_ASSIGNMENT_:
Your answer must be only the lines below from the one containing "Vintage Avon St." through the one containing "HIGH RISE SKINNY JEANS", copied exactly, with the pictures left out.

_THE DATA_:
== Segment start ==
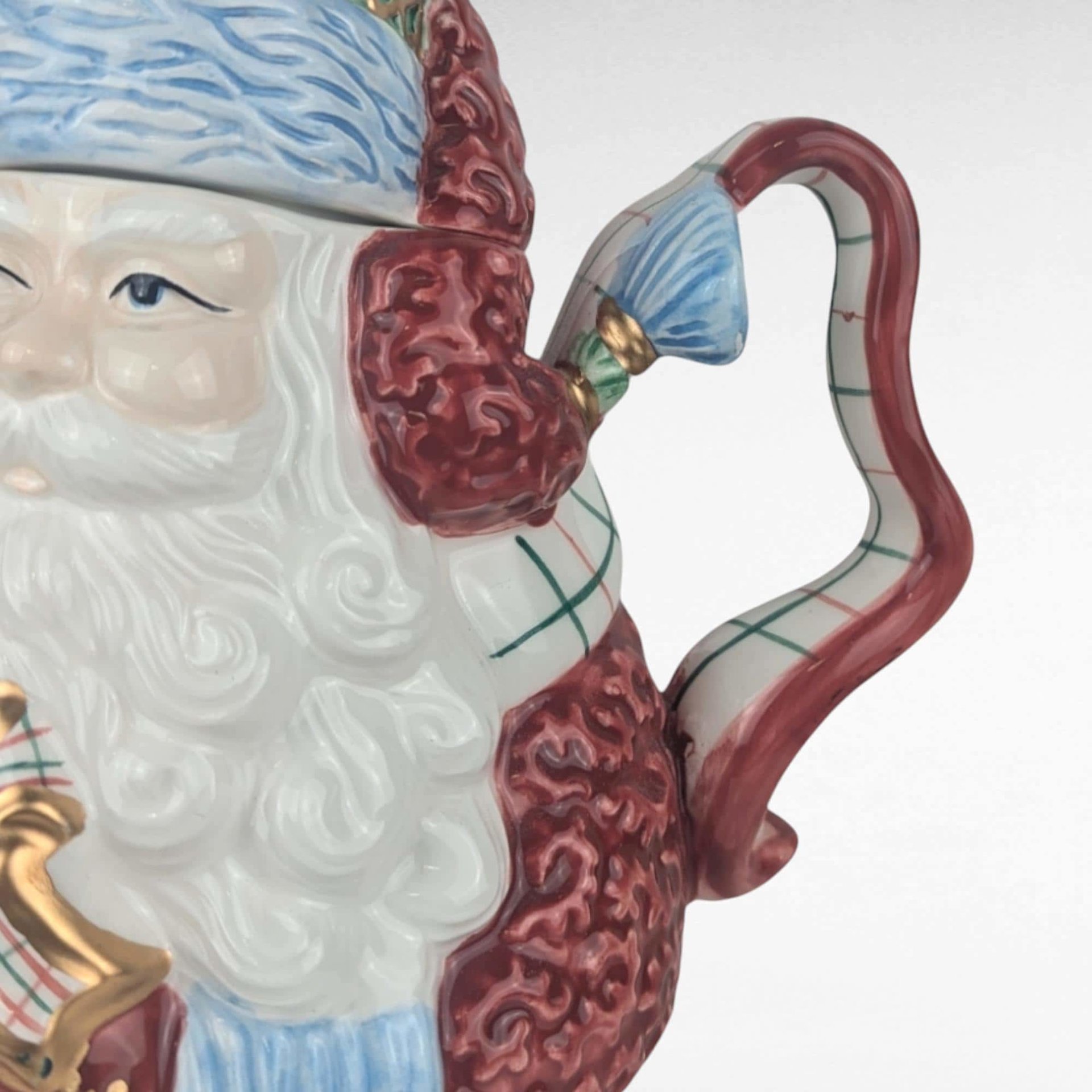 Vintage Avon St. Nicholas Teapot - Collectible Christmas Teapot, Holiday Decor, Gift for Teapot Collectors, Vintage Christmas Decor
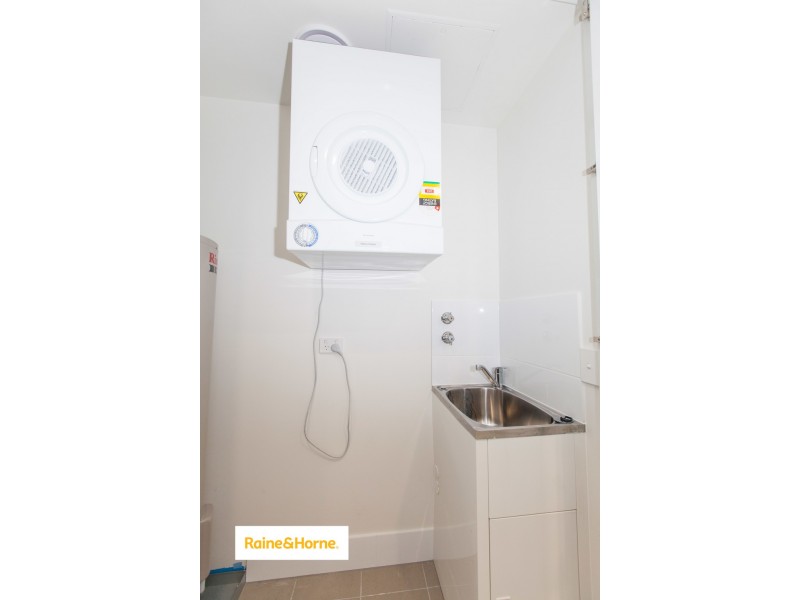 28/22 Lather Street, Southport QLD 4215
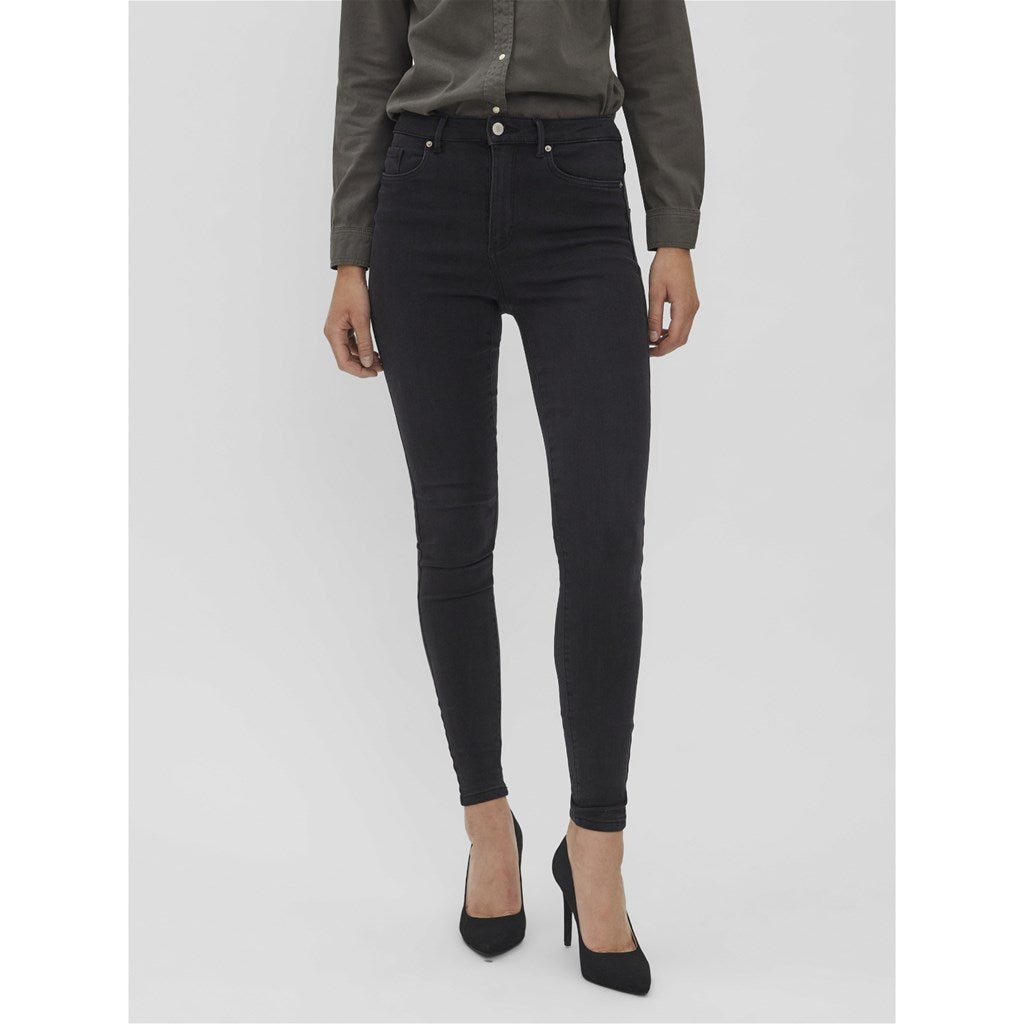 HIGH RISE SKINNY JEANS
== Segment end ==
== Segment start ==
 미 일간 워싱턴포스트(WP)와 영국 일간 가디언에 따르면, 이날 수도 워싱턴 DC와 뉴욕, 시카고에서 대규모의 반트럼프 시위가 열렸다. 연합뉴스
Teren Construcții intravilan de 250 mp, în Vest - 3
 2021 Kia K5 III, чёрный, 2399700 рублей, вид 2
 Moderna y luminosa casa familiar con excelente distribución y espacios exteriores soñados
== Segment end ==
== Segment start ==
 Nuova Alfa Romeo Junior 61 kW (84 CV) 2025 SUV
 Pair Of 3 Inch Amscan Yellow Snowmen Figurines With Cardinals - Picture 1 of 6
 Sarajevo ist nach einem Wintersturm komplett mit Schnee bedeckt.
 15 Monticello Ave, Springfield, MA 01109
== Segment end ==
_ANSWER TO THE EXERCISE_:
 Vintage Avon St. Nicholas Teapot - Collectible Christmas Teapot, Holiday Decor, Gift for Teapot Collectors, Vintage Christmas Decor
 28/22 Lather Street, Southport QLD 4215
 HIGH RISE SKINNY JEANS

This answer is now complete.